カーヴには、樽がいっぱい並んでいました。
試飲ワインは、以下の4種類。
・ムルソー
・ポマール
・シャンボール・ミュジニー
・ジュブレイ・シャンベルタン
ヴィンテージは、全て2007でした。
同じワインを、セミナー会場の皆さんもテイスティングを行います。
各ワインについて、パカレさんのコメントがありました。
以下のテイスティングコメントは、ぶどうの苗のコメントです。
まずは、ムルソー。
まだ、緑がかった明るめのイエロー。
香りが豊かで、リンゴ、洋梨、バター、ハチミツ、少しの新樽の香りでした。
直ぐにでも飲みたくなるような、美味しそうな香りです。
自然派ワインによくある還元臭が微塵も感じられません。
酸味もあり、果実味も豊かで、今でも楽しめますが、もう数年寝かすともっと複雑さが増してよくなりそうな雰囲気でした。
美味しいワインは、香りを嗅いだ瞬間に分かりますよねぇ。
次は、ポマール。
香りは、やや閉じ気味でしたが、それでもピノらしい明るい赤色のベリー系の香りが支配します。
少しスパイスが効いた香りもありました。僅かに新樽の香りもありますが邪魔はしていません。
味わいは、酸味があり、少しスパイシーさもありました。
次は、シャンボール・ミュジニーです。
香りが豊かで、明るい赤色のベリー系の香り、甘草、僅かに新樽の香りです。
味わいは、酸味が豊かですが、アタックはやわらかい印象。余韻に繊細さを感じます。
最後に、ジュブレイ・シャンベルタンです。
香りがとても豊かで、明るい赤色のベリー系が支配していました。
味わいは、酸味が豊かで、アタックは強めで力強さを感じます。メリハリのある味わいです。
余韻も長めでした。
個人的に赤で一番好きだったのは、ジュブレイ・シャンベルタンでした。
しかし、これは個人の好みの差です。
今回、全てヴィンテージが同じだったのは、テロワールの違いが一番感じ取れるからとのことでした。
産地以外は、全て同じ条件だからということでした。
正直、フィリップ・パカレのワインは、過去にほとんど飲んだことがありませんでした。
もちろん知ってはいましたが、なぜか縁が無く、飲む機会がほとんどありませんでした。
今回、改めてじっくり試飲していると、かなりレベルが高く美味しいワインと思いました。
還元臭が微塵も感じられないところが、驚きでした。
さて、セミナーで出た質問とパカレの回答を、覚えている範囲で記載します。
質問)果こうまで、熟した状態で収穫するとはどういうことでしょうか?
回答)果こうが熟すとは、茶色くなるまで待つとのことだが、そこまでくるとぶどうは完熟していることをあらわしているからだ。醸造に、除こうはしない。果こうには多くのタンニンが含まれており、ワインに活かしている。従って、果こうまで熟した実を使っている。

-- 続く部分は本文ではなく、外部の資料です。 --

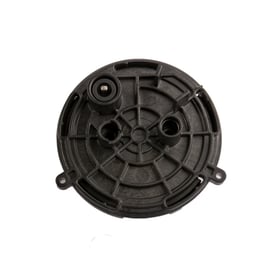 Vanne de recul BLUEFURY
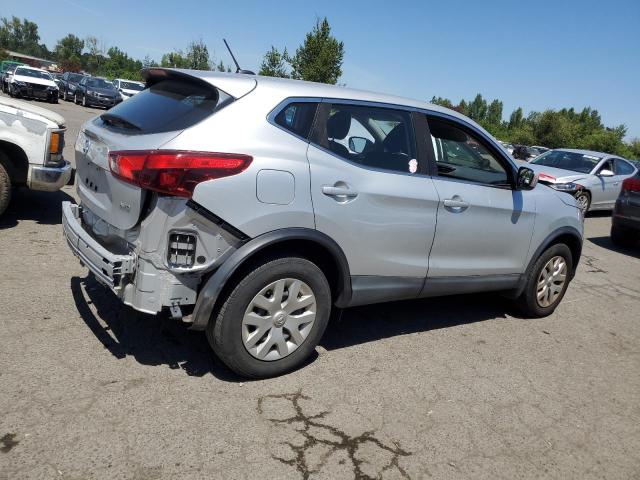 Photo 2 VIN: JN1BJ1CR3HW101910 - NISSAN ROGUE 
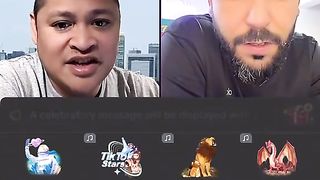 Tik tok universel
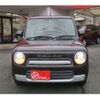 suzuki alto-lapin 2013 -SUZUKI 【浜松 581ﾔ9621】--Alto Lapin DBA-HE22S--HE22S-812176---SUZUKI 【浜松 581ﾔ9621】--Alto Lapin DBA-HE22S--HE22S-812176- image 30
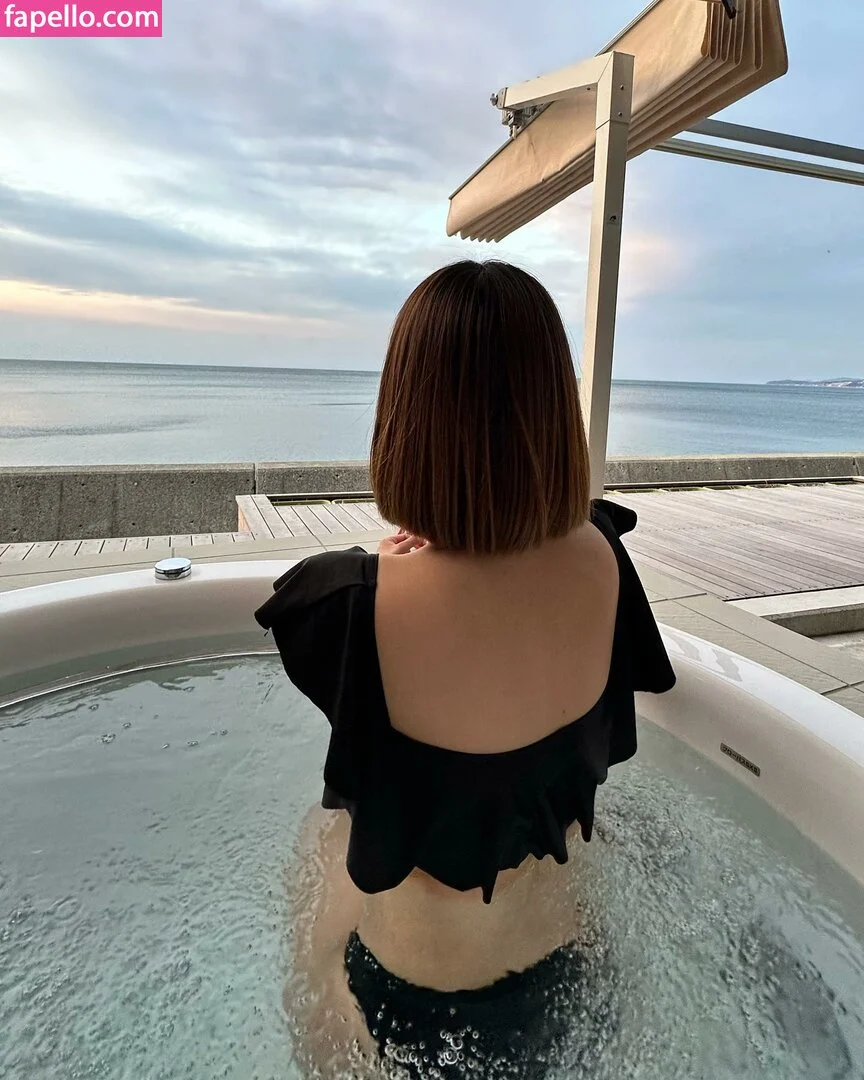 Kanagangtv Onlyfans Photo Gallery 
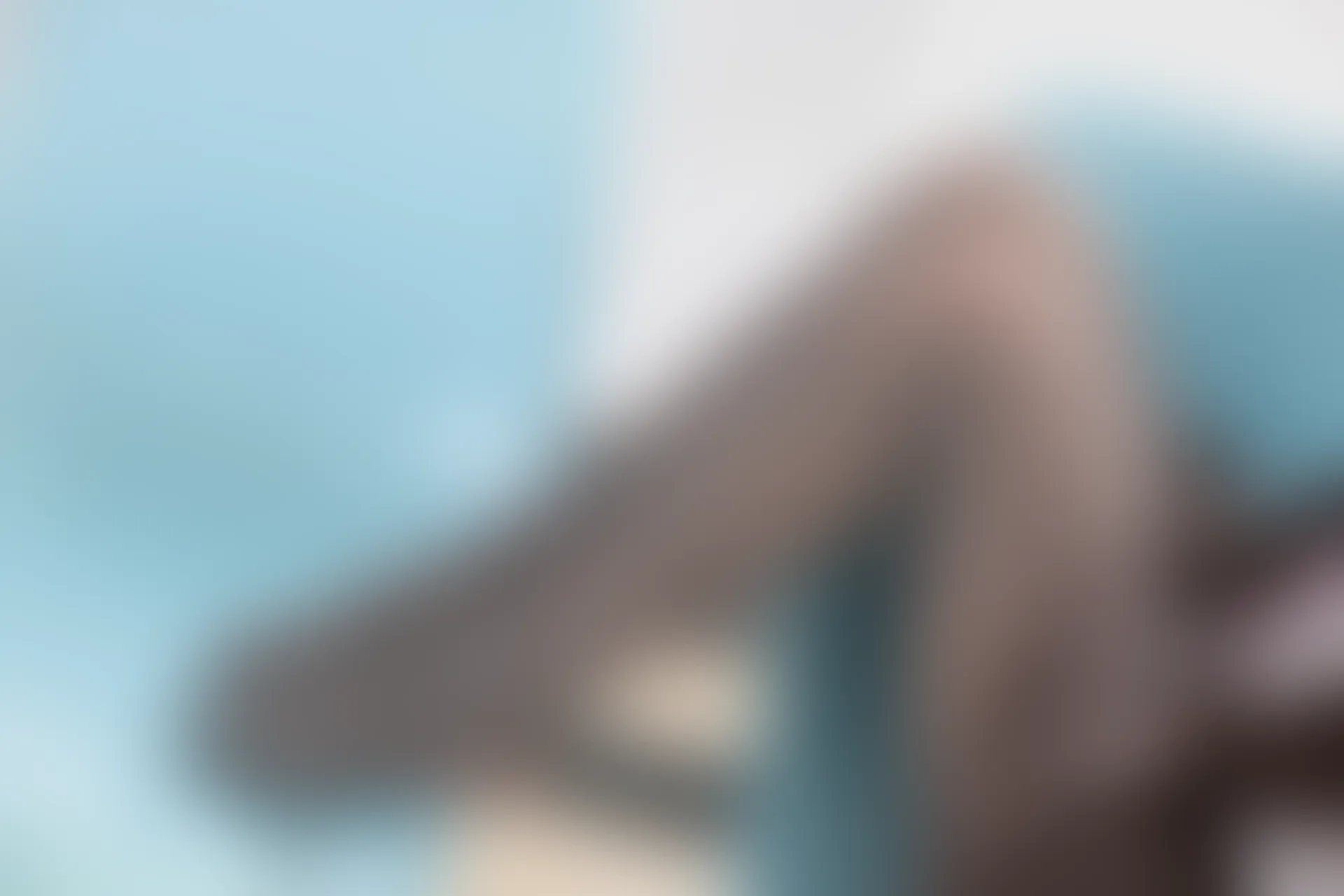 森萝财团 R15-042 [96P-549M]学生装, 森萝财团, 美腿, 黑丝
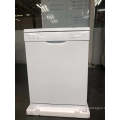 Smad Kitchen Appliances Free Standing China Dish Washer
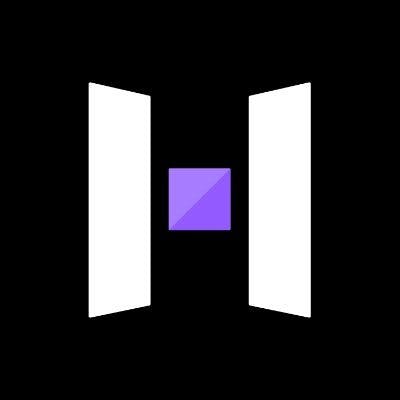 HashKey
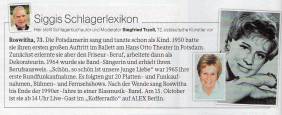 bilder/superillu-quer-vorschau/img20161013_11272098.jpg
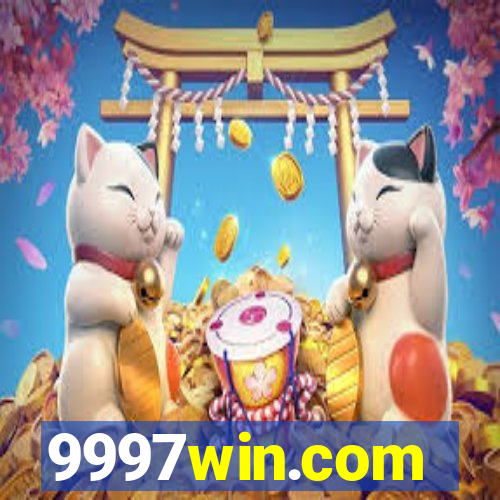 9997win.com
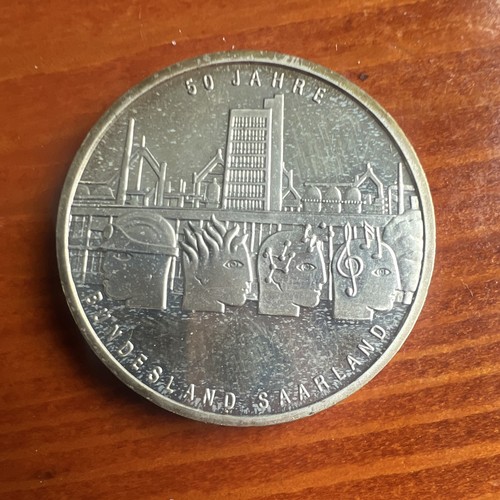 Deutschland euro - deutschland, 10-euro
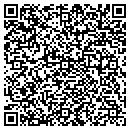QR code with Ronald Johnson contacts
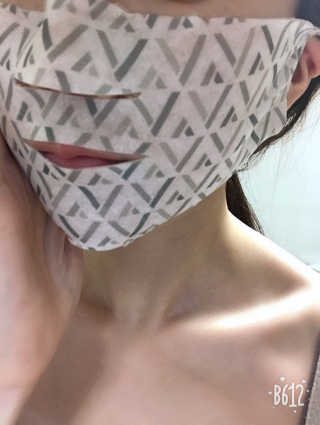 솔하님이 올린 리뷰 사진 3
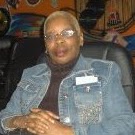 Gloria Pennington Photo 21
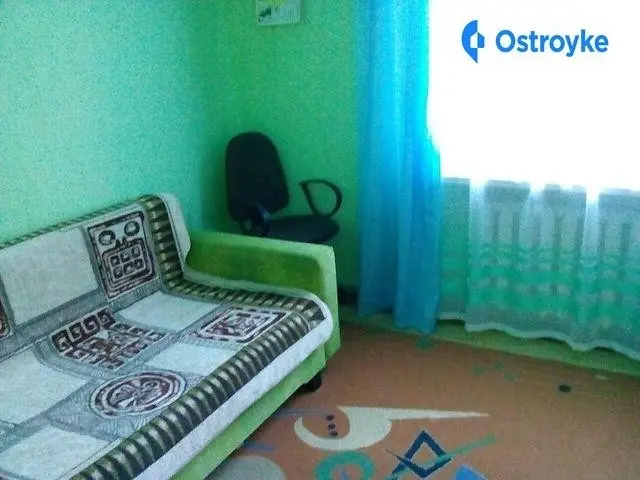 Продаж будинку, 70 м², Полтава — фото 4
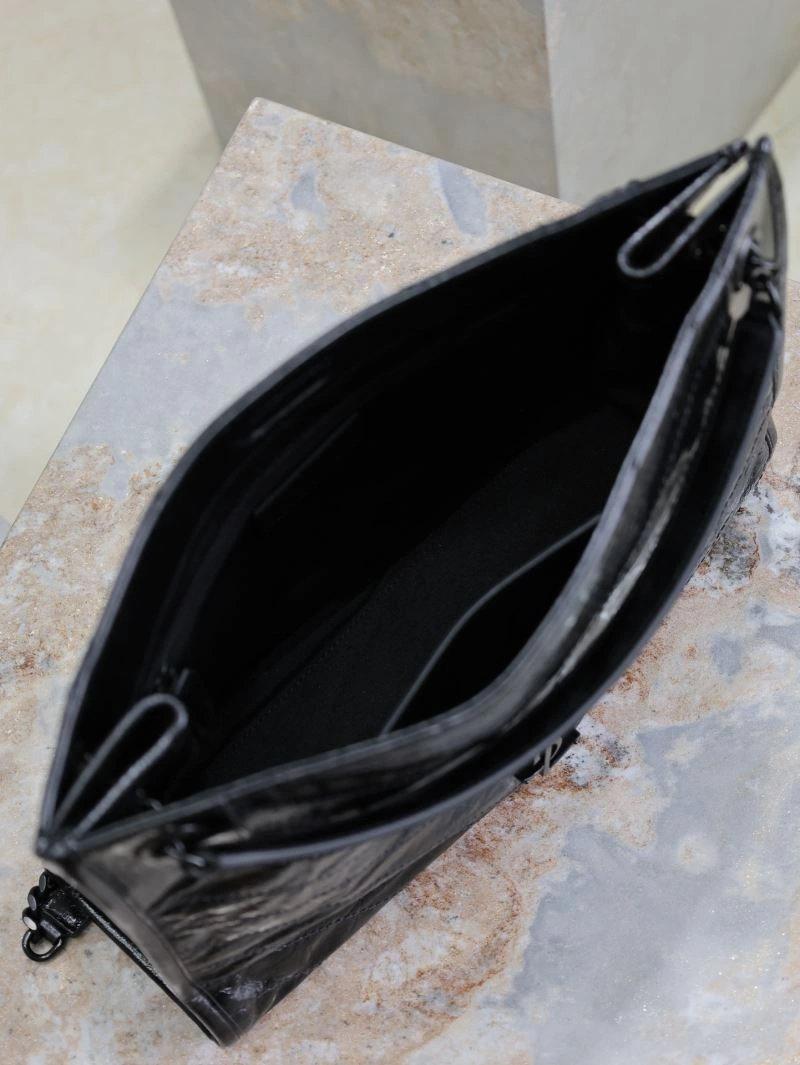 YSL Shopping Bags TravelReady 63099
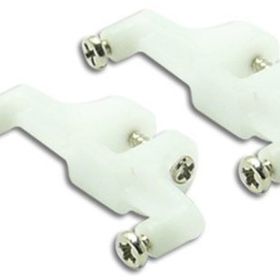 Tiger Nokia BP-6M 1050mAh Uyumlu Batarya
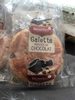 Galettes Beurlay - Product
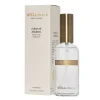 Roomspray - Echoes of Kindness 100ml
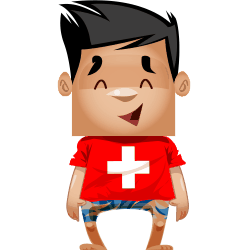Avatar de Zerashi
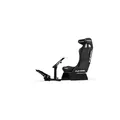 Produktbild: PLAYSEAT EVOLUTION PRO BLACK ACTIFIT - SIM Racing Seat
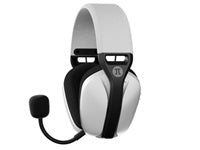 Primus gaming headset - PBH-360BK - Wireless headset system
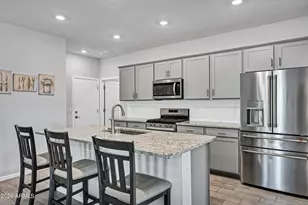 35500 W La Paz St, Maricopa, AZ 85138 - Photo 14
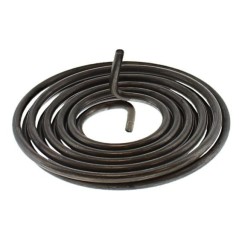 SPRING 523011001 ORIGINAL HUSQVARNA | NewgardenParts.com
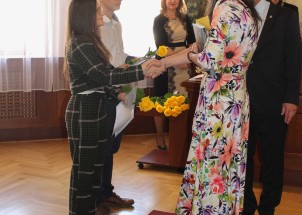 yg02dmlej5_____IMG_8054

質問)パカレのワインボトルの形は、少し独特だが、それは何か拘りがあるでしょうか?
回答)口が細いのが出来るだけ長いのを使用している。理由は、コルクの密閉範囲が長くなるからだ。
また、ボトルの幅は、出来るだけ大きいのを使用している。できるだけマグナムボトルようにゆったりさせて、似た環境にしたいからだ。
質問)スクリューキャップの導入は考えているでしょうか?
回答)いいえ。なるべく昔の伝統のままにしたいと考えている。従って、スクリューキャップは考えていない。
その他にも質問がありましたが、覚えてないです。
今回のインターネットを介してのライブセミナーは、日本にいながら、ブルゴーニュのワイナリーに行った気になれるという点では、良かったのではないかと思います。
これからもこのようなセミナーの機会が増えてくるのではないでしょうか。